What you should do:
Each line in the material below, starting at the one with "Reihenmittelhaus auf schönem" and ending at the one with "Ford Focus 2013 — լուսանկար 5", is to be reproduced exactly; no picture is to be copied.

Data shown:

════

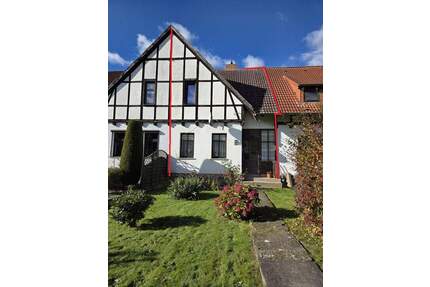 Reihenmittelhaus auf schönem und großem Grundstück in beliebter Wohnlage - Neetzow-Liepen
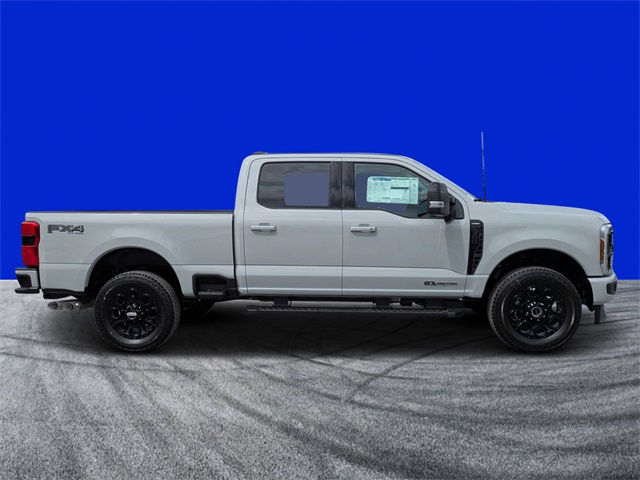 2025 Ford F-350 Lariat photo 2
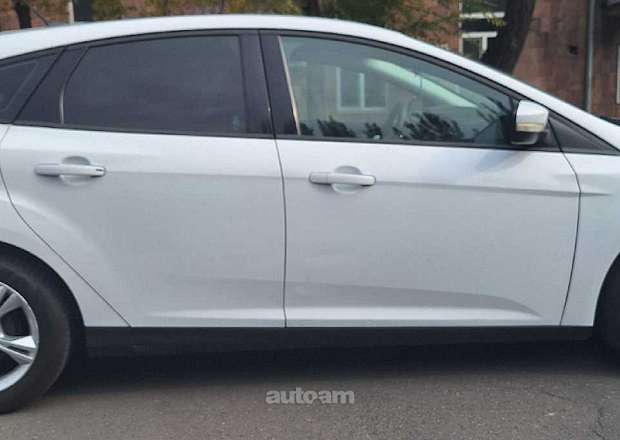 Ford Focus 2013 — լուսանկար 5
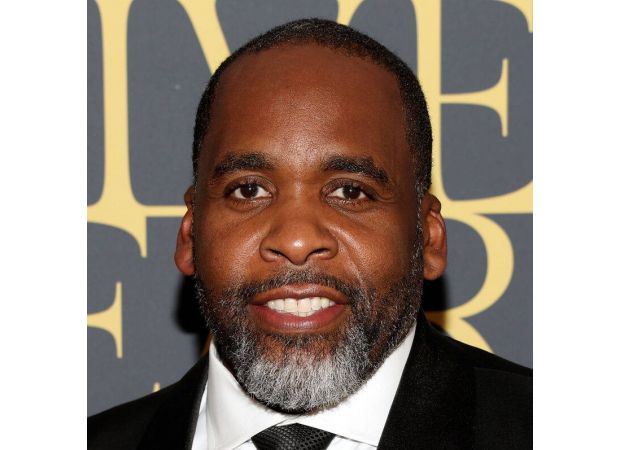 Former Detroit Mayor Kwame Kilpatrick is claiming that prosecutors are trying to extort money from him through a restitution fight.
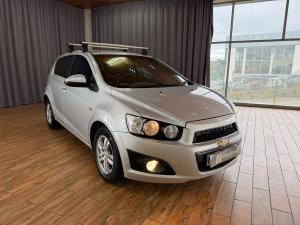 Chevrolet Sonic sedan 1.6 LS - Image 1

════

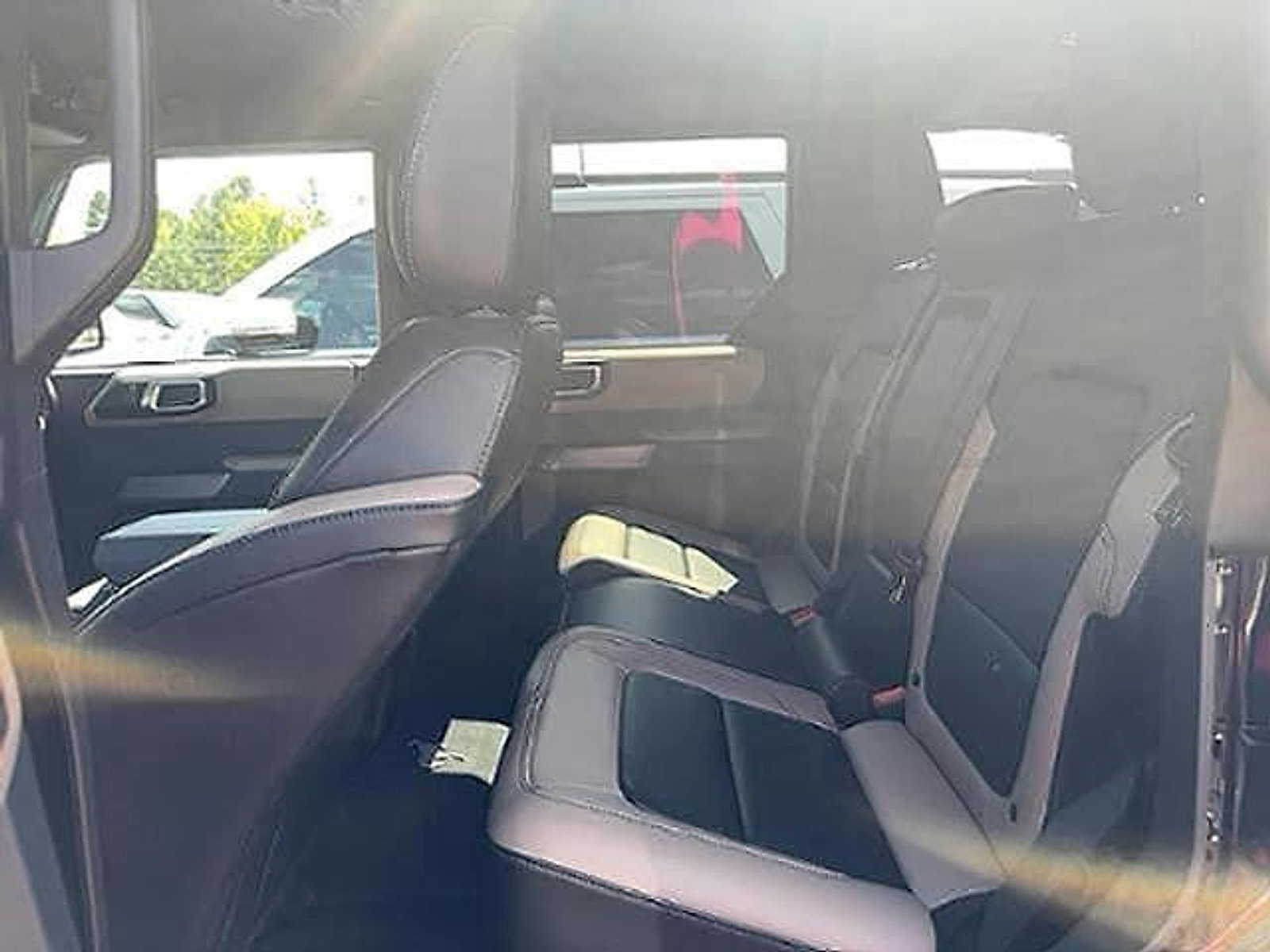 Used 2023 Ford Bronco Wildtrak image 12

════

Solution to this problem:
 Reihenmittelhaus auf schönem und großem Grundstück in beliebter Wohnlage - Neetzow-Liepen
 2025 Ford F-350 Lariat photo 2
 Ford Focus 2013 — լուսանկար 5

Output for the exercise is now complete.